((

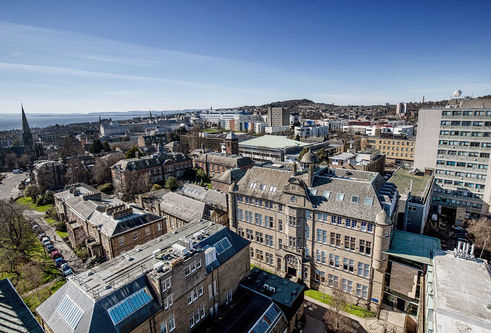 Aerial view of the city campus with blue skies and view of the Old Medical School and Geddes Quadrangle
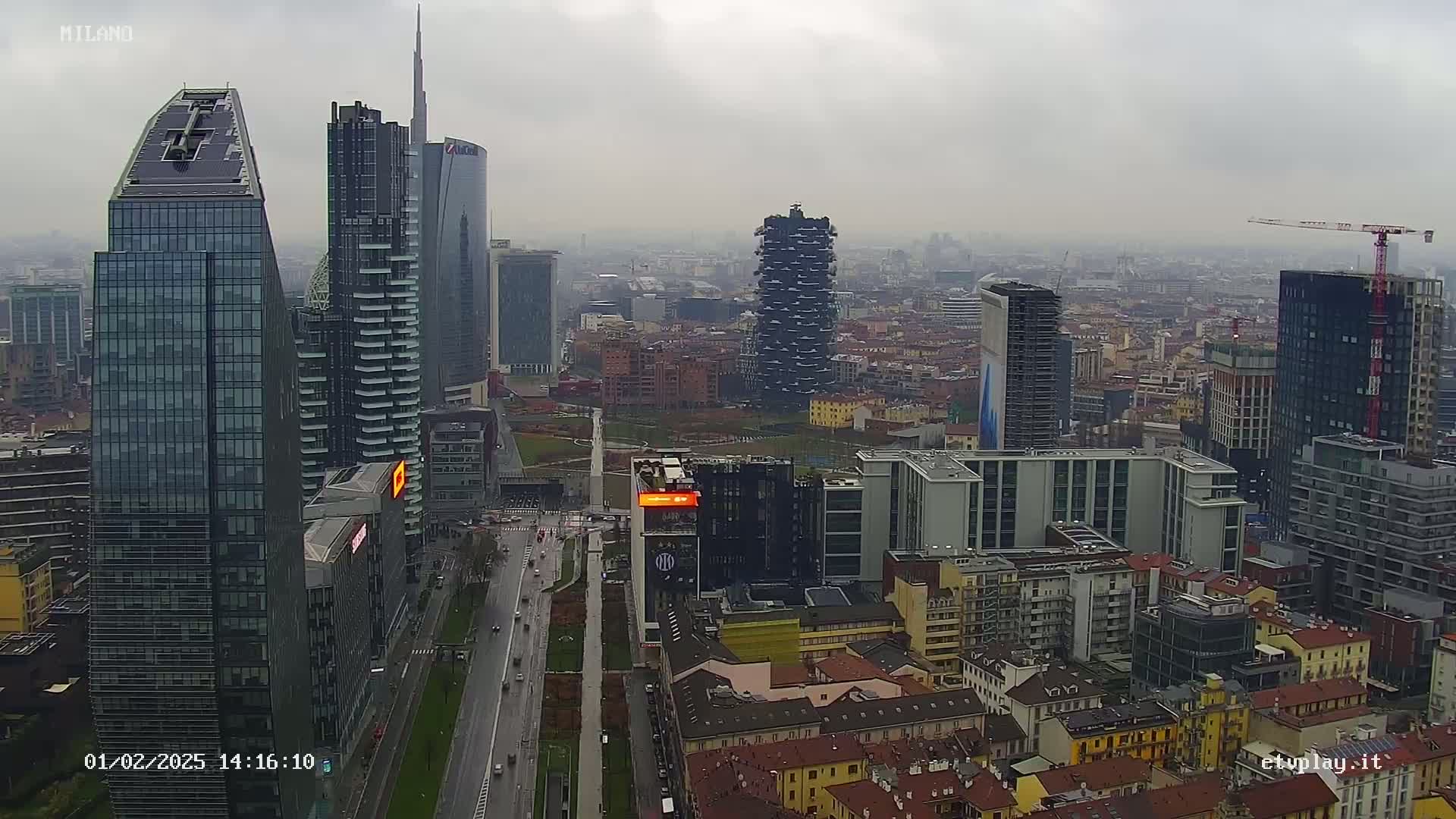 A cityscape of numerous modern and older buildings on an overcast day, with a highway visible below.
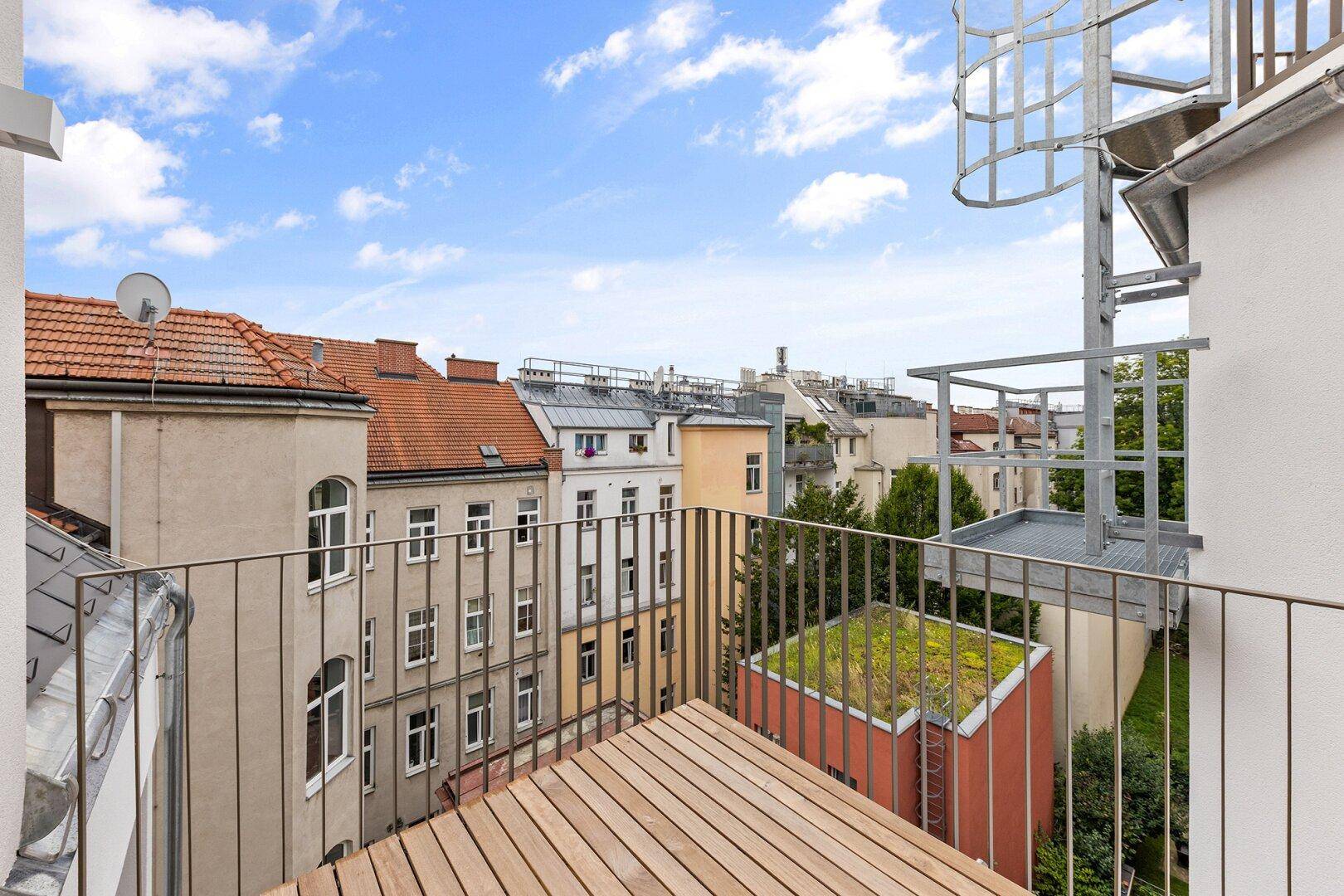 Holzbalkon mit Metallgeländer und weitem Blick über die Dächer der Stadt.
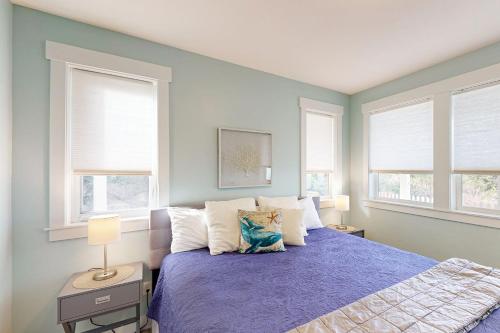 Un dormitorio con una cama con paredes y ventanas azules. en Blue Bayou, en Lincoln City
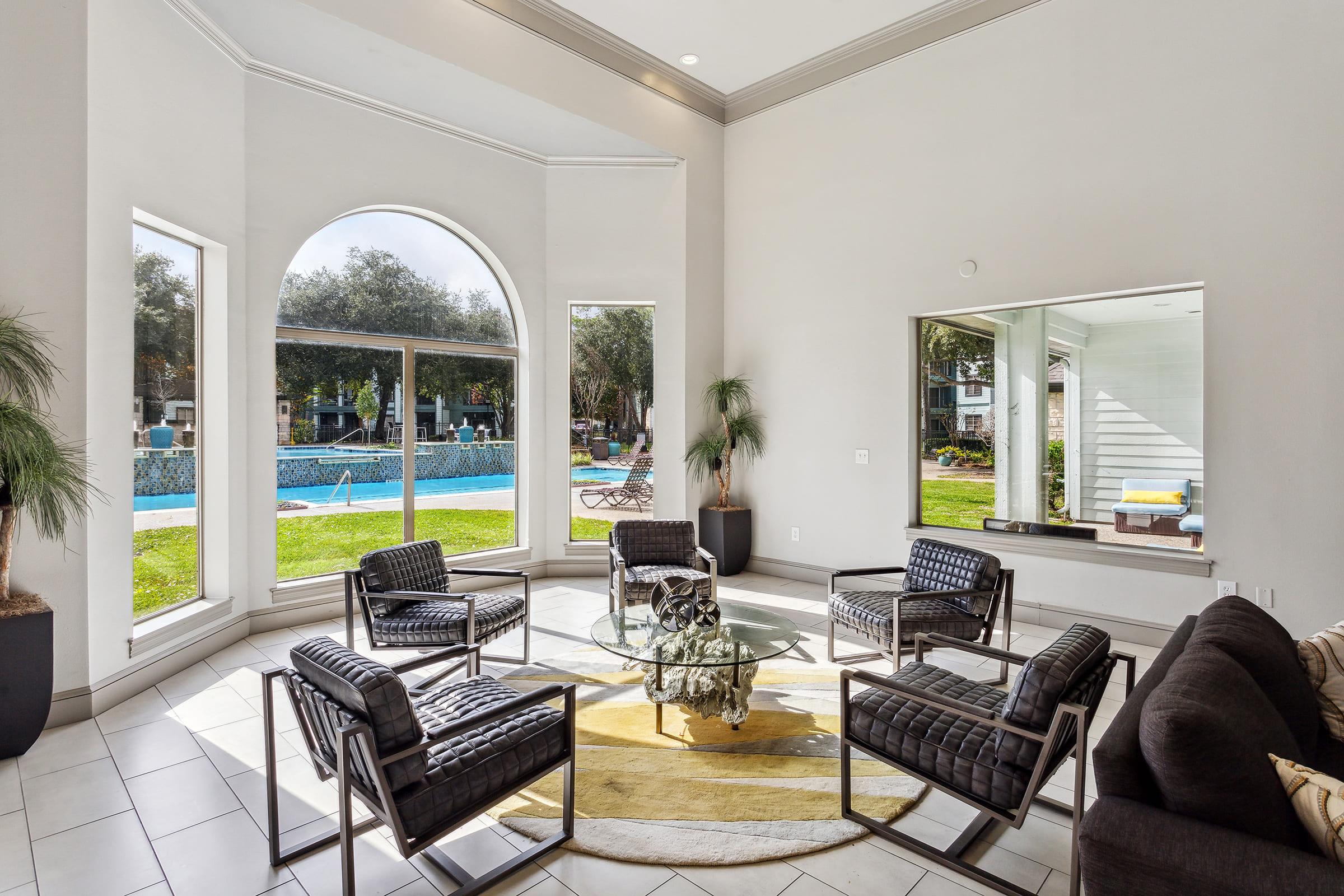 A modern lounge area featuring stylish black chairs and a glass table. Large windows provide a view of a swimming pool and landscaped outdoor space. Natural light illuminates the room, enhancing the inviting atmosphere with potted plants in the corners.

))

_WHAT IS NEEDED_
Return the material exactly as written, except for any pictures it holds.

_REPLY TO THE EXERCISE_
 Aerial view of the city campus with blue skies and view of the Old Medical School and Geddes Quadrangle
 A cityscape of numerous modern and older buildings on an overcast day, with a highway visible below.
 Holzbalkon mit Metallgeländer und weitem Blick über die Dächer der Stadt.
 Un dormitorio con una cama con paredes y ventanas azules. en Blue Bayou, en Lincoln City
 A modern lounge area featuring stylish black chairs and a glass table. Large windows provide a view of a swimming pool and landscaped outdoor space. Natural light illuminates the room, enhancing the inviting atmosphere with potted plants in the corners.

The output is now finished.